(Captioned web image data)
------------------------

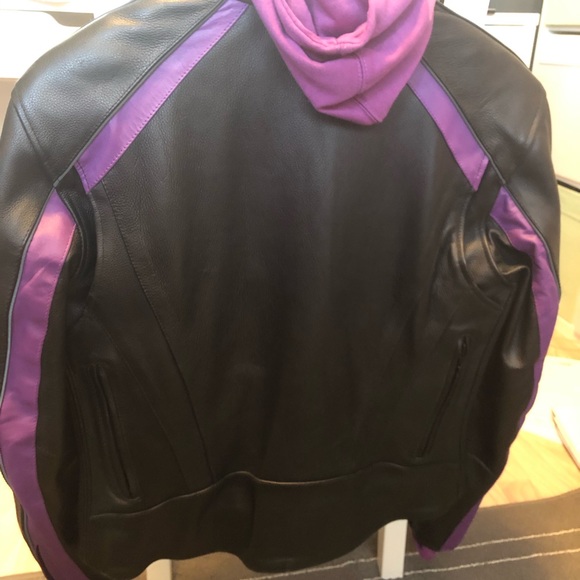 Leather jacket - Picture 3 of 3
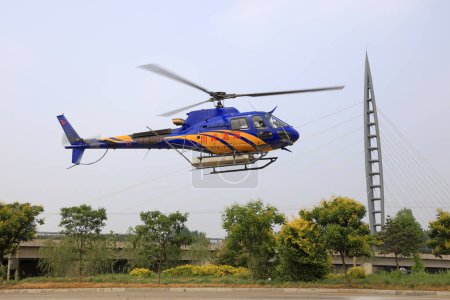Téléchargez les photos : Comté de Luannan - 11 juin 2018 : Des hélicoptères agricoles décollent pour pulvériser des pesticides, comté de Luannan, province du Hebei, Chine - en image libre de droit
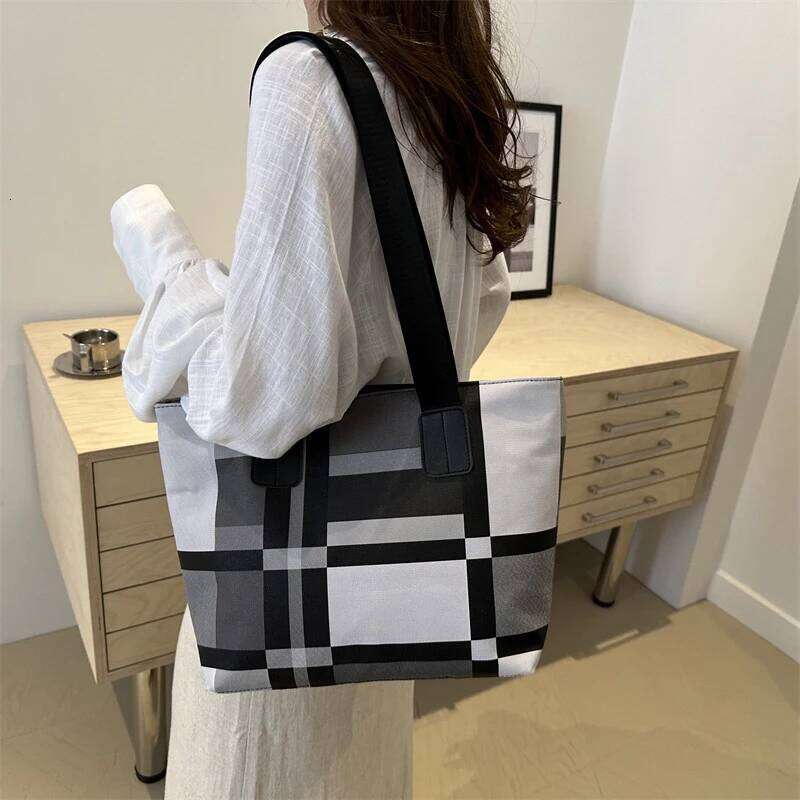 Striped Plaid Tote Women New Fashionable Shoulder Handbag for Ladies Large Capacity Commuting Bag Z260224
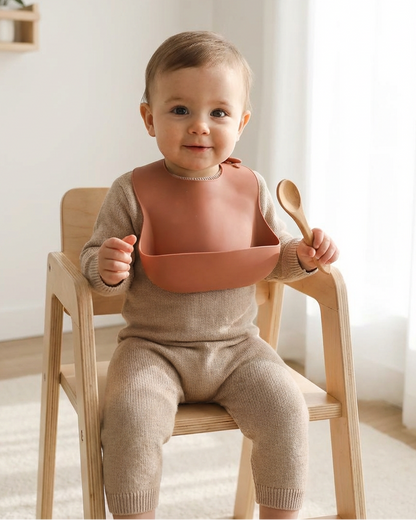 Silicone bib (available in 5 colors)
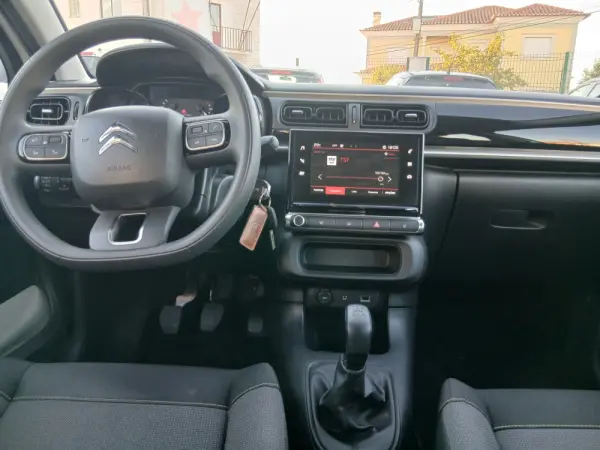 Citroen C3 1.2 PureTech Shine 11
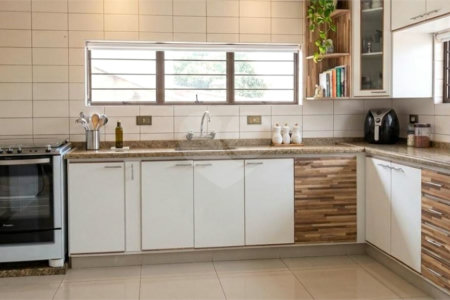 Casa à venda com 4 quartos, sendo 1 suíte, em Jardim Leocádia, Sorocaba, SP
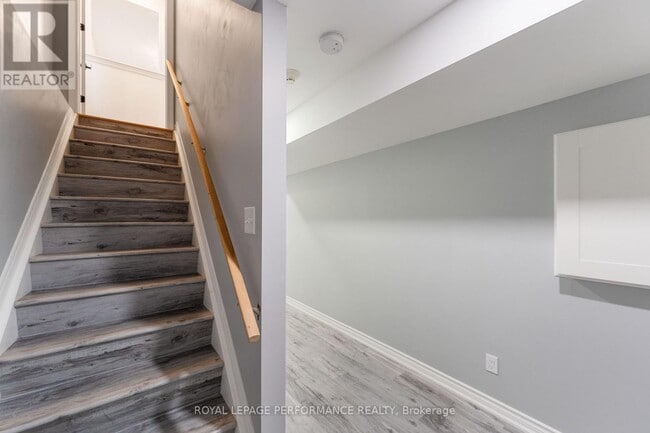 Building Photo - 580 Sunlit Cir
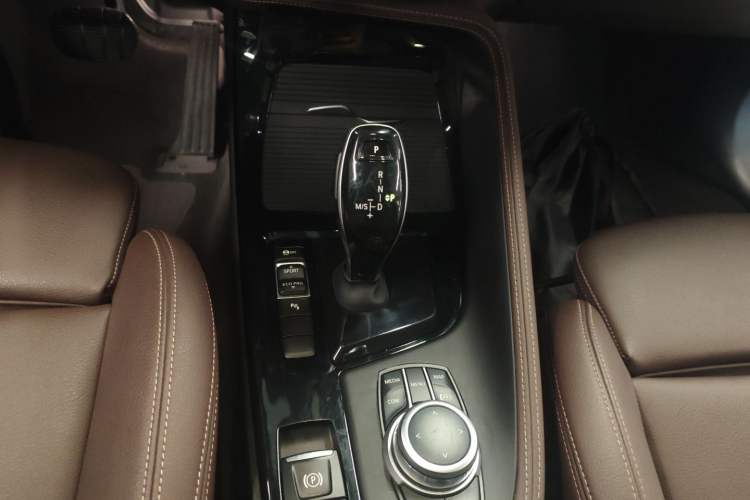 Used BMW X1 2021 sDrive20Li Premium Edition Gear Lever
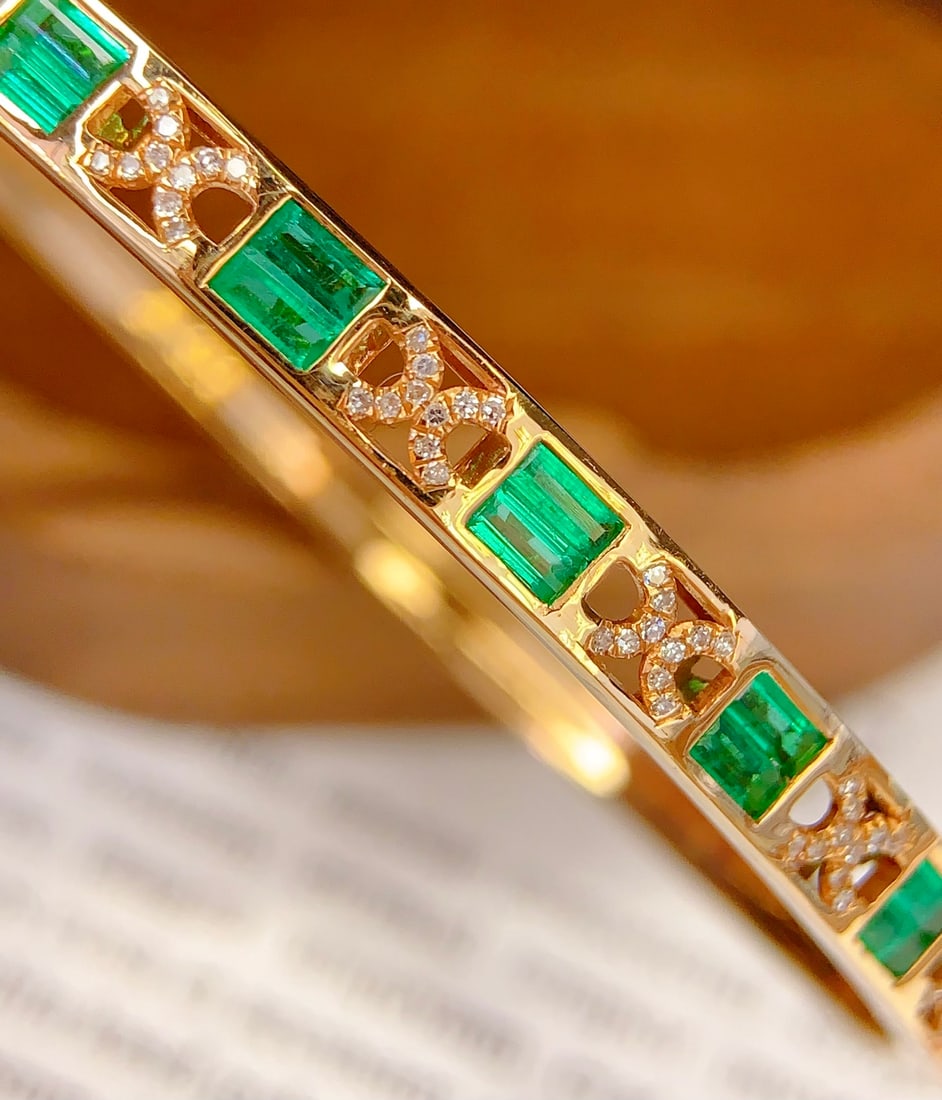 18K Gold Emerald Bracelet with Diamonds, Total 8.36g, 2ct Emerald - 3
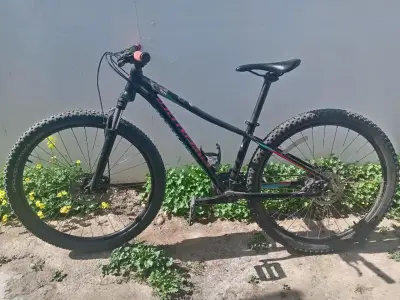 Bicicleta Specialized MTB aro 27.5 modelo Pitch - miniatura 1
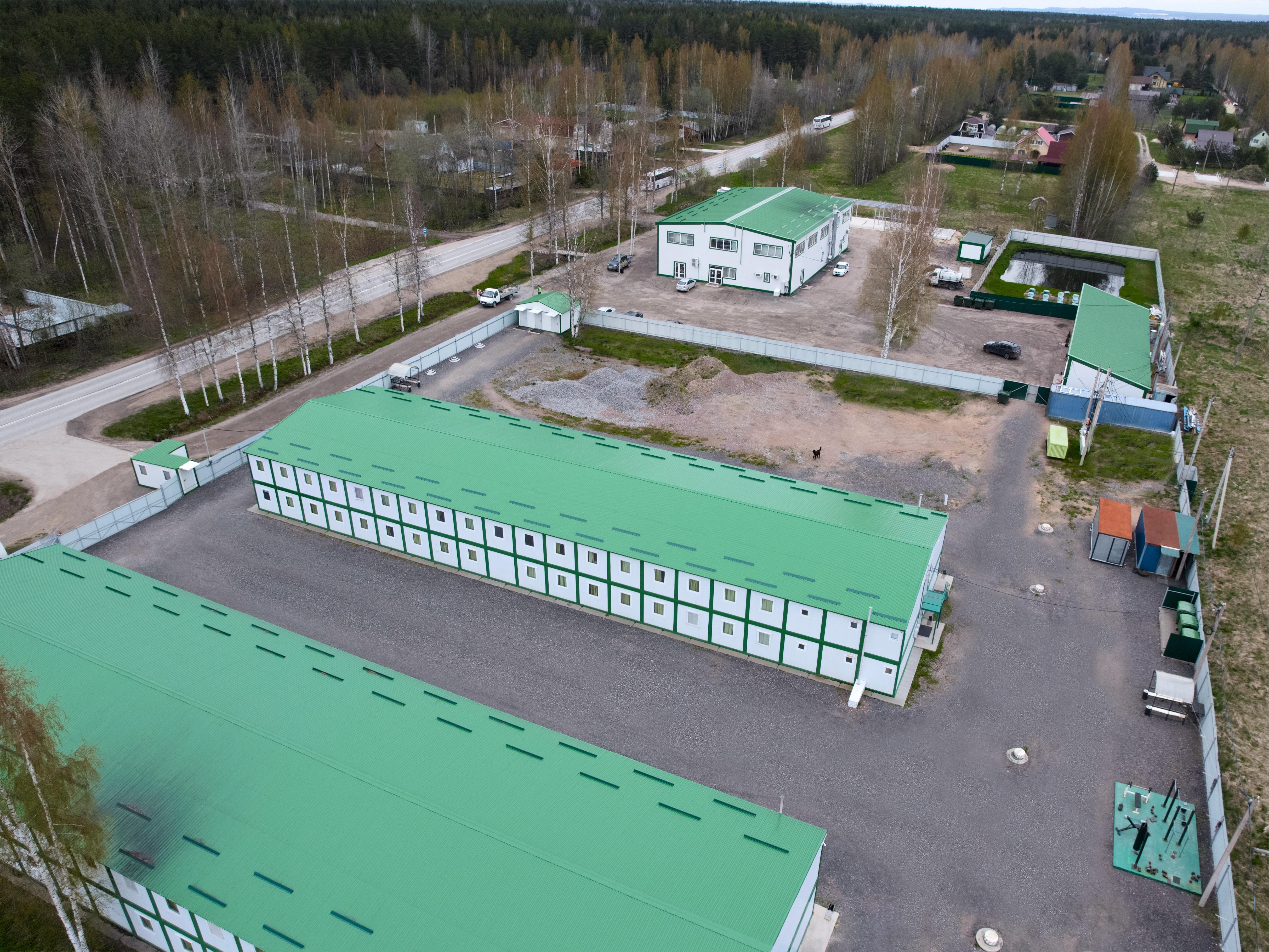 Территория комплекса УК Усть-Луга, корпуса общежития и гостиницы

------------------------

Task directions: With the pictures removed, print only the lines starting at the line that has "Téléchargez les photos" and ending at the line that has "Citroen C3 1.2 PureTech Shine 11", both ends included, exactly as they stand above.

Solved exercise:
Téléchargez les photos : Comté de Luannan - 11 juin 2018 : Des hélicoptères agricoles décollent pour pulvériser des pesticides, comté de Luannan, province du Hebei, Chine - en image libre de droit
 Striped Plaid Tote Women New Fashionable Shoulder Handbag for Ladies Large Capacity Commuting Bag Z260224
 Silicone bib (available in 5 colors)
 Citroen C3 1.2 PureTech Shine 11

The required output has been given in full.